El amor es como un hálito que si no se aprovecha en el momento puede evaporarse y desaparecer. Al menos esa es mi experiencia. Muchas vece me viene una idea producto de una emoción vivida y se solidifica en mi mente, pero si no la plasmo enseguida se me pierde. Es, pienso yo, como un suspiro, un soplo del Espíritu que te mueve a expresarlo y compartirlo.
En cierta ocasión, me comentaba un buen amigo, el tesoro que tenía en la casa. No hacía mucho tiempo, pero por casualidades de la vida había llegado a su casa una persona a servir. Poco a poco, como el agua empapa lo que toca, aquella persona fue derrochando honradez, servicio, respeto y trabajo. Se despachaba a su gusto, pero daba más de lo que tenía que dar. Respiraba servicio y amor, porque eso es precisamente lo que es amor.
El amigo llegaba hasta emocionarse cuando hablaba de aquel tesoro que había entrado en su casa. Una persona atenta a las necesidades de los demás y que percibía cuando era necesaria su ayuda. Se adelantaba a la necesidad y, aunque estaba fuera de su responsabilidad y competencia, ella daba un paso adelante y servía a la persona en concreto. Le pregunté a mi amigo si era creyente, y, por lo que me dijo, supuse que como tantos que creemos, pero quizás no practicamos.

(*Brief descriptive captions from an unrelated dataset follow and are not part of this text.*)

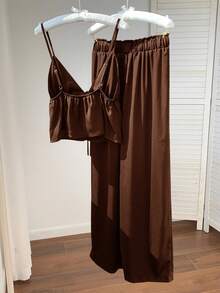 SHEIN Comfortcana Women's Brown Linen Camisole And Pants 2 Pieces Set, Summer Outfit - Brown - View 2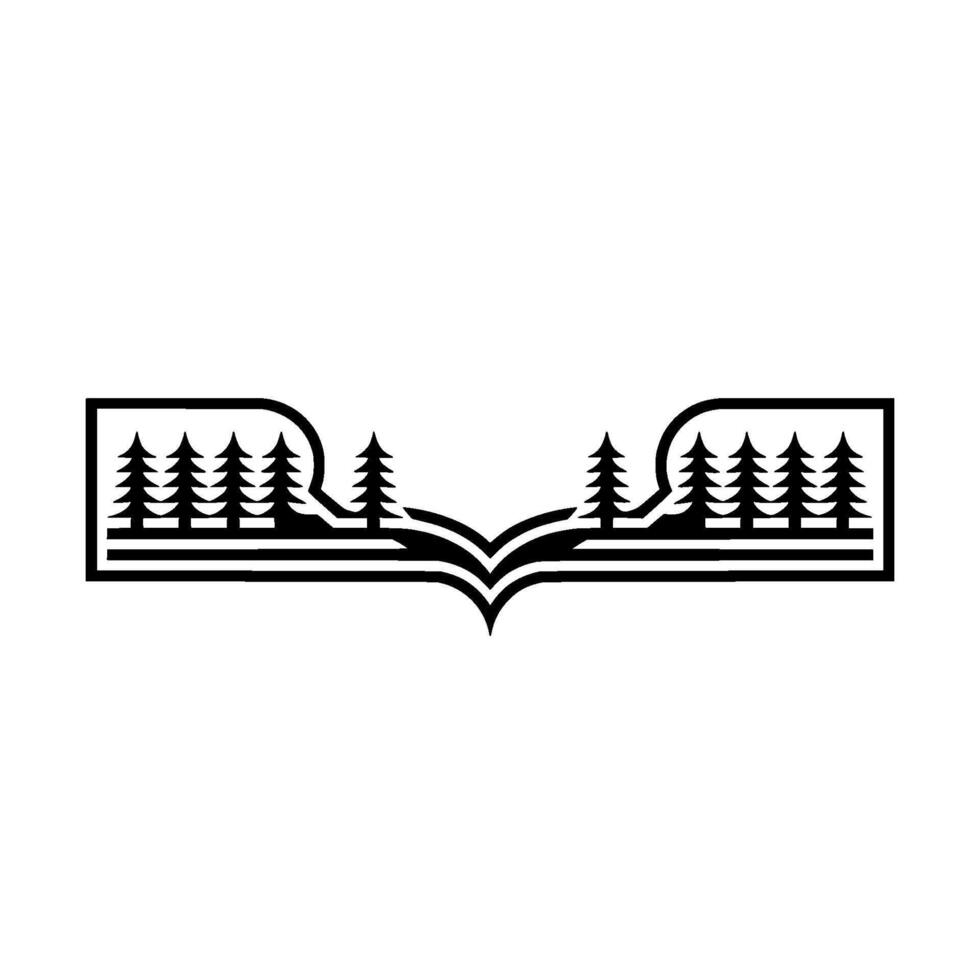 Forest Landscape Illustration, Open Book vector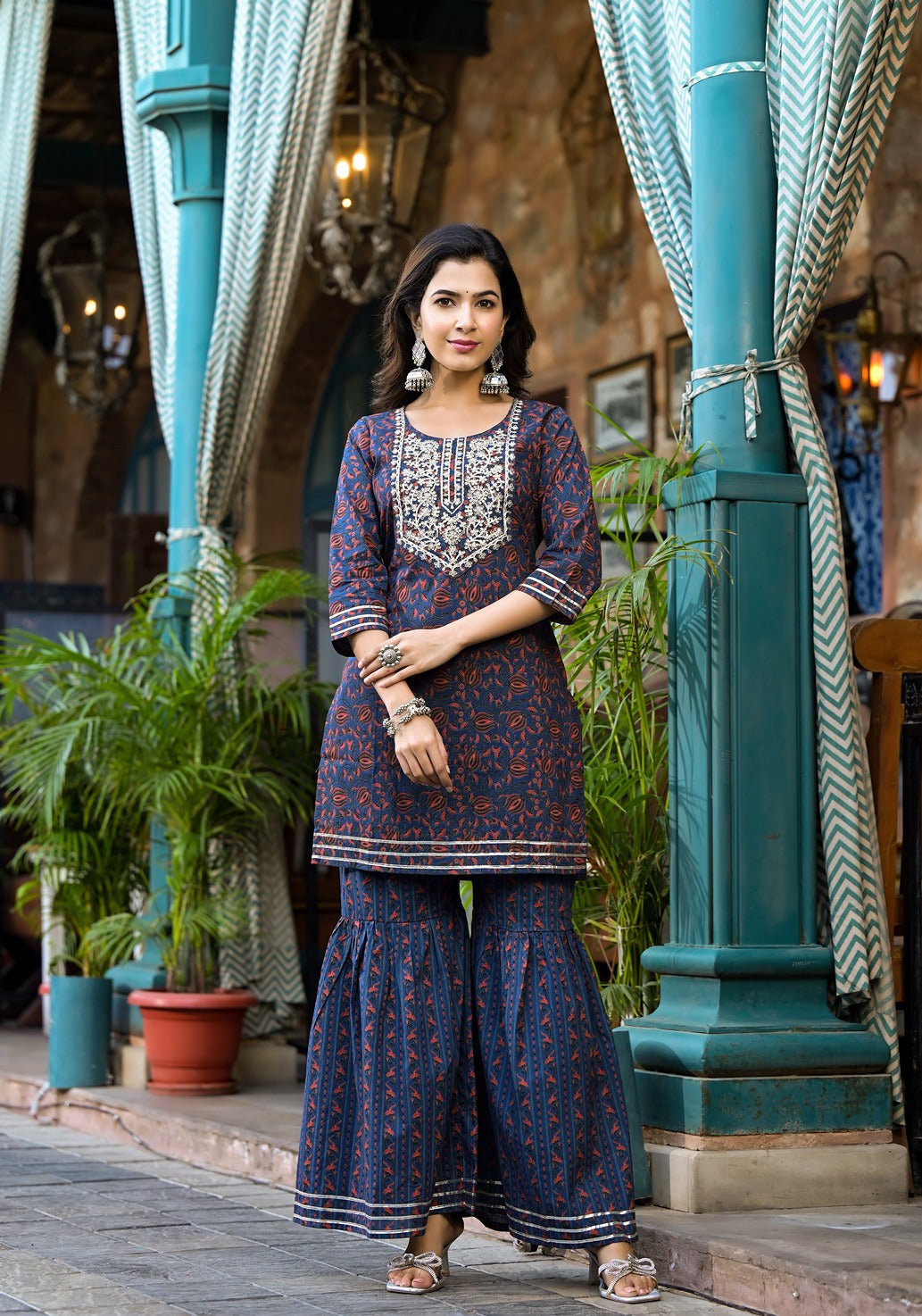 Women Indigo Blue Ethnic Motifs Dori Embroidery Kurta Sharara With Dupatta Set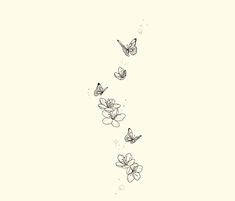 a line drawing of flowers and butterflies flying in the air with water droplets on them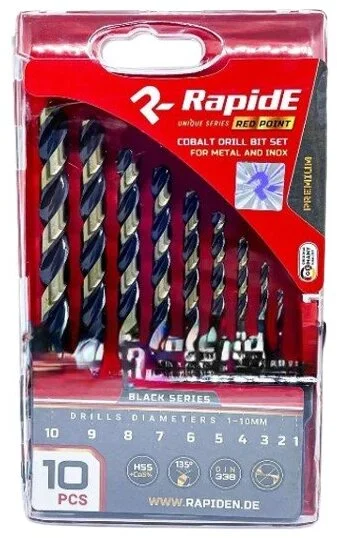 Набір кобальтових свердел по металу RapidE RED POINT Black Series 10 шт (1-10 мм) (НФ-00001597)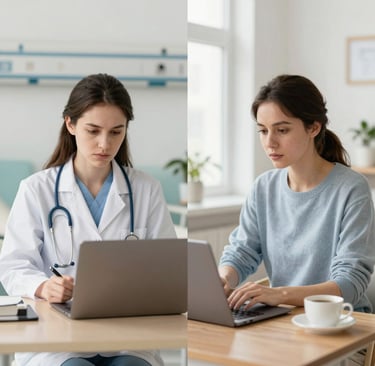 Online weight loss doctor versus clinic showing Yucca Health telehealth GLP-1 prescription program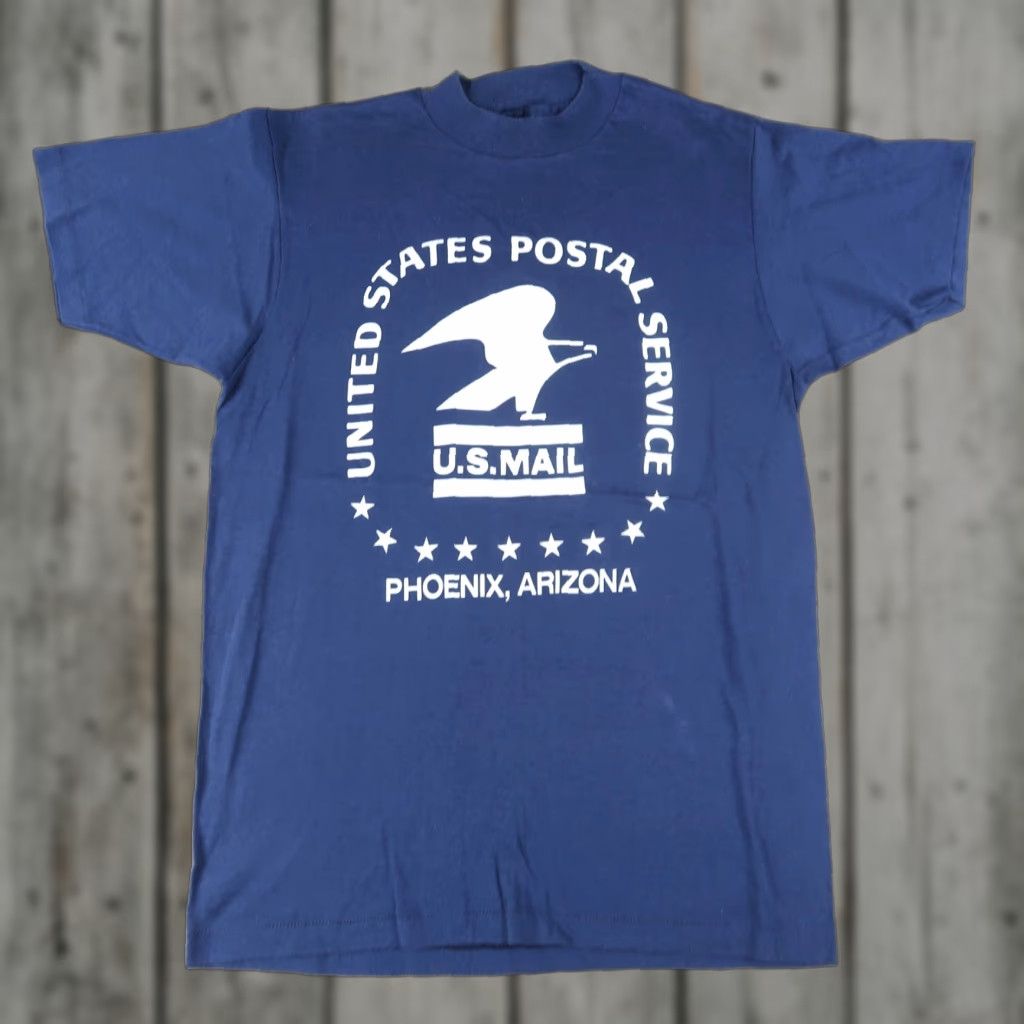 Hanes VINTAGE 1980s United States Postal Service T-Shirt Men Medium Blue Graphic Print 80s Made USA Size US M / EU 48-50 / 2 - 1 Thumbnail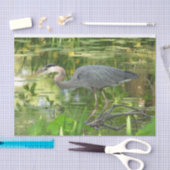 Große Blaue Herde im Teich grün Seidenpapier (Handwerk)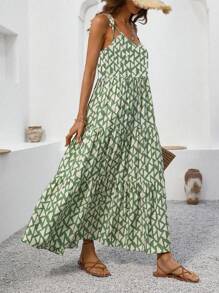 Breezaya Summer Vacation Printed Strapless Sleeveless Long Spaghetti Strap Dress For Women Maxi Vacation Beach Outfit - Green - View 6
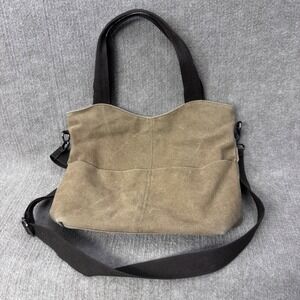 Canvas Crossbody Bag Shoulder Bag Purse with Zipper Pockets Khaki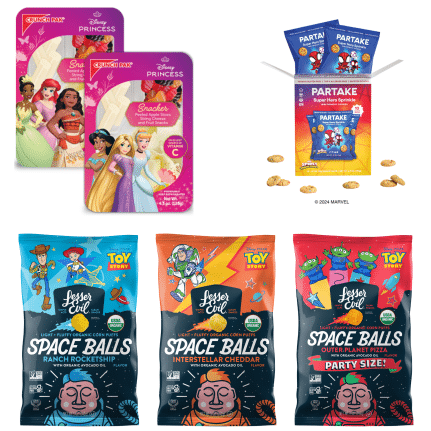 Disney Princess Crunch Pak Marvel Crunchy Super Hero Sprinkle Mini Cookie Snack Packs Toy Story Outer Pizza Planet and Toy Story Interstellar Cheddar flavored Space Balls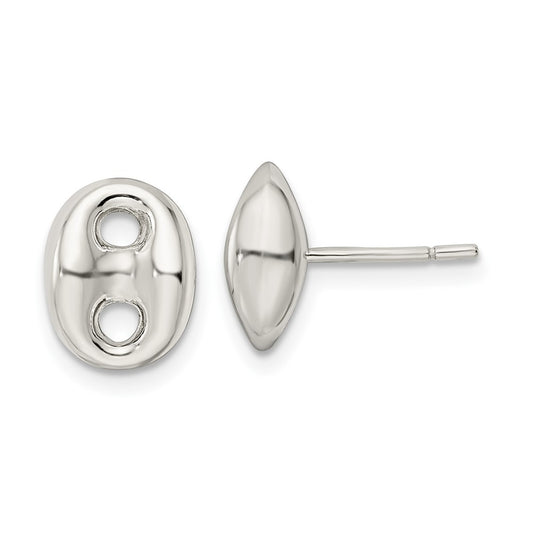 Sterling Silver Polished Oval Post Earrings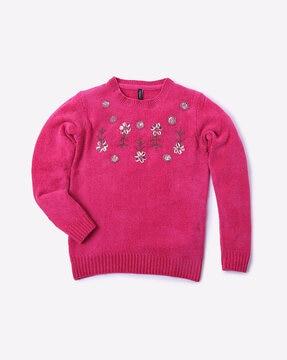 sequin embellished pullover with ribbed hems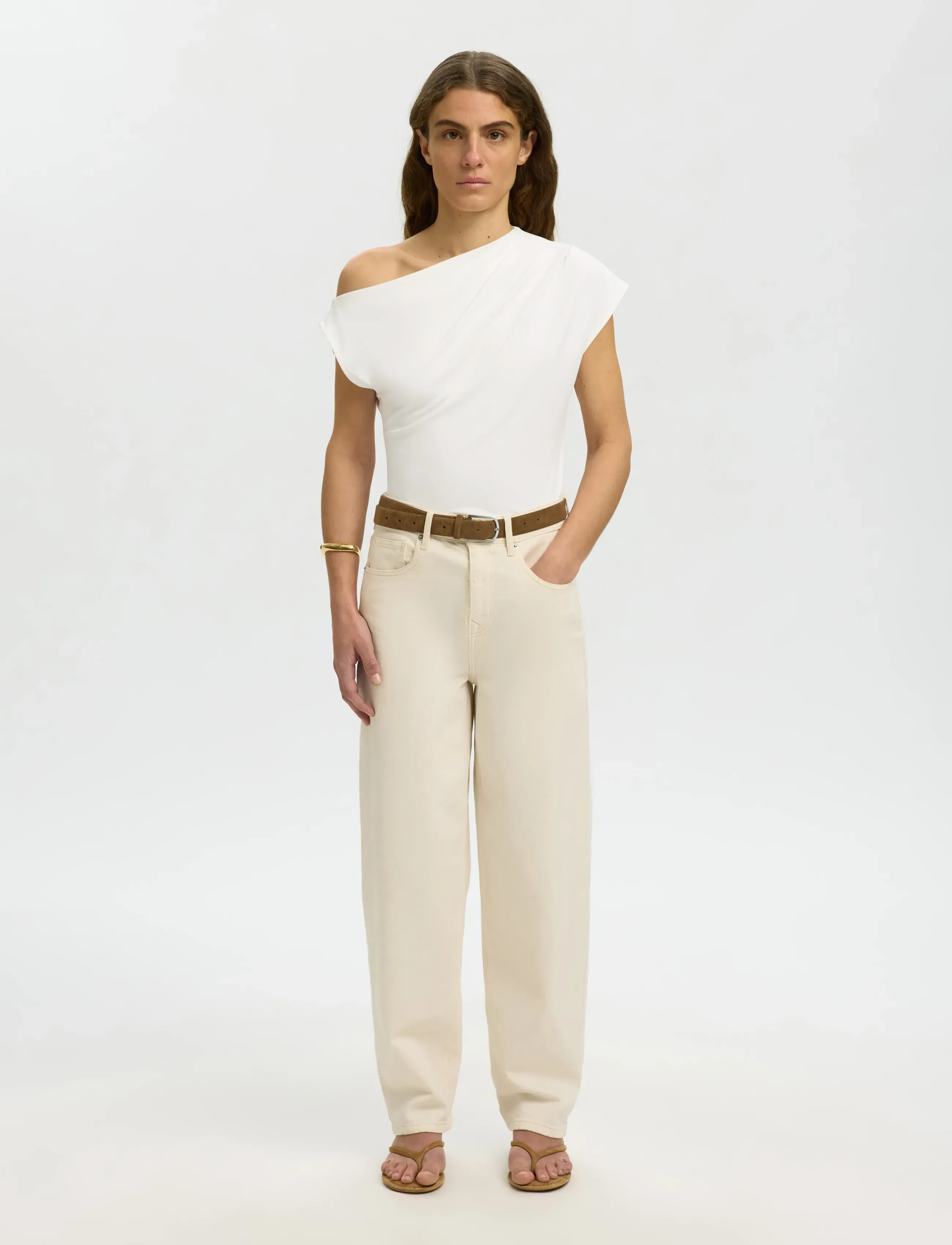 Selected - SLFMOLLY SS TOP - kortærmede bluser - bright white - 3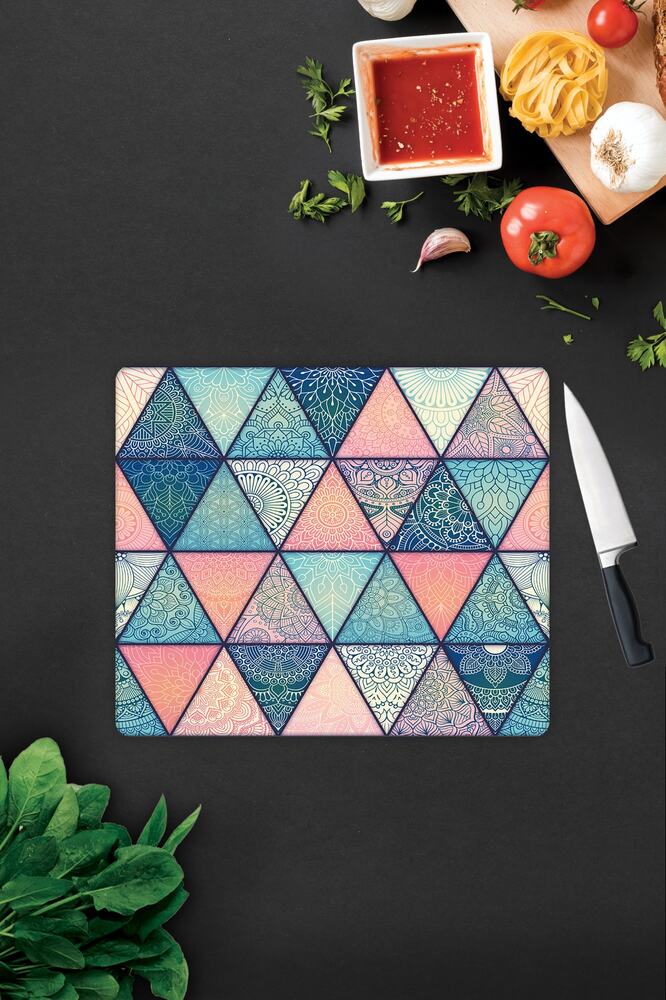 Renkli Mandala Desenli | Cam Kesme Tahtası - Cam Kesme Tablası | 29 cm x 34 cm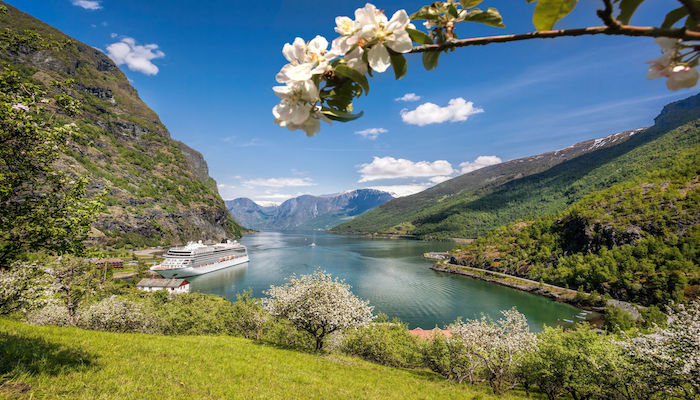 Il villaggio di Flam presso il fiordo di Bergen, Norvegia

Su testimonio me tocó mi pobre corazón, y aunque no lo demostré, comentaba el amigo, sentí dentro de mí un gozo y un agradecimiento desbordante hasta el punto de irremediablemente compartirlo. Entonces, también yo pensé en lo que dijo Jesús, "Así, los últimos serán primeros, y los primeros, últimos" -Mt 20, 16-. Aquella persona, quizás sin saberlo, daba un gran testimonio de amor y un abrazo inmenso a Jesús. Porque cuando se lo hacemos a una persona necesitada, se lo hacemos al Señor.
No pude resistir preguntarle el nombre de aquella buena persona, y, emocionado me respondió: Manuela. E inmediatamente corrí al ordenador para soltar aquella vivencia que inundaba mi corazón de gozo y alegría.